PLM Connection showcases the Digital Enterprise
PLM Connection, a Siemens-associated but user group-driven event, tried something new this year: day long sessions devoted to a single topic. I was fortunate enough to be asked to moderate panels during a day focused on “Realizing the Digital Enterprise – Transforming the User Experience”, with speakers from Siemens PLM, industry and partner companies. (Unfortunately, since I was in that track all day, I didn’t get to any Simcenter, Solid Edge, Teamcenter, NX …. sessions, I’ve asked for briefings and hope to catch up on what I missed in Indianapolis.)
Our objective for the day was to tackle how emerging technologies are changing how we all work and to explore how they’re likely to evolve over time. Not surprising, we spent quite a bit of the day on Virtual / Augmented Reality (VR and AR) and touched on the Internet of Things, cloud, mobile, who does what in a manufacturing context –and with what tool sets– and how all of this works together to transform engineering, manufacturing and product service.
The lessons were profound:
- Start now, start small, figure out what works for your enterprise and grow from there. The hardware for AR, especially, isn’t fully baked yet –everyone had a story of a toolkit that failed– but the technology is improving so quickly that companies that don’t investigate how their design reviews, training, field operations and so on could benefit will be left in the dust by those who started early
- Focus on standards. Each speaker also pointed out that there are file format issues, data translation protocols and so on — this isn’t easy yet. But if you stick to standards-based devices and approaches, you should be OK
- Workflow matters, hugely. If you use Teamcenter, for example, to manage CAD model iterations and you spawn off a process every so often to create a rendered version appropriate for a VR experience, you don’t want to have to re-render with every change. Consider how often that would be appropriate; what level of fidelity you need, when and for what reason — and manage those assets just as you do any other because it has significant value
- Solid best practices in setting up your PLM will pay dividends when it comes to implementing new technologies like AR/VR and mobile apps. We had some in the audience who were just starting their PLM journeys and who wondered whether the industrial speakers had any pitfalls to share; it always came back to “If only we had spent the time upfront”
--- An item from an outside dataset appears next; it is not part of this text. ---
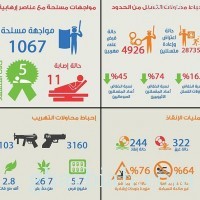 توجيهات لحرس الحدود بإطلاق النار على المتسللين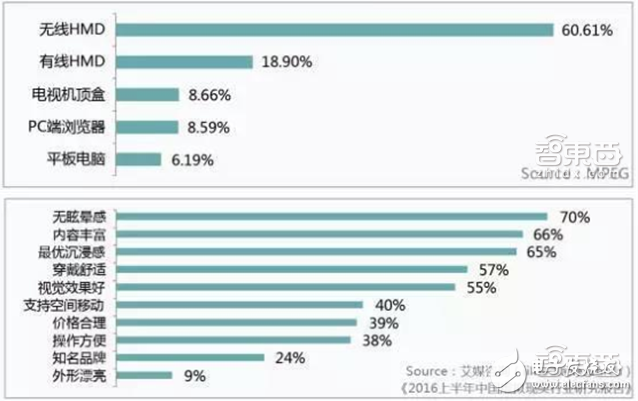 華為大數(shù)據(jù)五大角度解析VR元年以及2C市場(chǎng)的突破口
- And PLM is still not “done” by any means. As industries move more and more into a sensor-enabled world, they need to mange both the placement of the sensors and the data that they generate. That digital to physical to digital loop can, as we all hear, create a huge data lake from which it can be near-impossible to create meaningful, actionable, information. Companies implementing (or re-evaluating an existing) PLM need to factor this in: how will that loop be created? How will it be closed? Machine learning is only possible if you know the questions you want to start with; from there, magic can happen
- We also touched on additive manufacturing, and how it can transform both how a business operates (how products are designed, the products themselves, what types of things are held in inventory) and business models that bring production closer to the customer.
Many great examples were shared during the day, but I’d like to highlight just one, both because I had no idea, and because Jim Maul subbed in for another speaker at the last second, making him a hero of the day. Jim works at Orbital ATK, making rockets and missiles for the US military. Orbital ATK is working on integrating VR across design, verification, ergonomics, field simulation, manufacturing process simulation, operations, and training — but also, interestingly, in recruiting and training new workers. Orbital ATK created an Immersive Visualization Lab to trial technology and let people become more familiar with it, and to develop more use cases. Jim told two stories that really resonated: first, it’s tough for the people making purchasing decisions to visualize how these products will work; by creating an immersive environment but at human scale, Orbital ATK was able to show the military exactly how it would feel to an insurgent to be on the receiving end of one of its missiles. I had no idea that mattered, but of course it does: they’re aiming for shock and awe as much as for the boom. By being able to show this to the military, Orbital ATK scooped its competition and won the order. Second, many new engineers need to get a sense of what they’re really working on. By creating a virtual environment, they get to “crawl” around inside a rocket, to really understand scale and configuration. Orbital ATK rolls this sort of process out to training, using the Oculus Rift and a “see it, do it” concept. An avatar shows the trainee what to do in the inspection process, the trainee then does it but with little tests thrown in to see how they react. There are still issues: VR and large CAD assemblies can be problematic, since untethered devices can only hold so much data. But the goal is to get to a point where realistic fit checks and walk thrus become routine. Bottom line, said Jim, “VR engages our customers, engineers and program management in a new way, to better understand the current design, analysis, manufacture and/or training challenges.” By all “seeing” the same thing, everyone can more quickly work together on a resolution.
It was an awesome day, Thanks to the PLM World/PLM Connection team for having me and to all of the speakers who made the day possible: Siemens’ Ray Kok, Alastair Orchard, and Mohsen Rezayat; Jim Maul from Orbital ATK, Jeffery Legan from MTD, who showed off his Microsoft Hololens, Todd Slater from Amway, who shared great lessons in PLM; Dave Hutchinson from Lightworks; Jeff Pohl and Mike Cheung from Deloitte.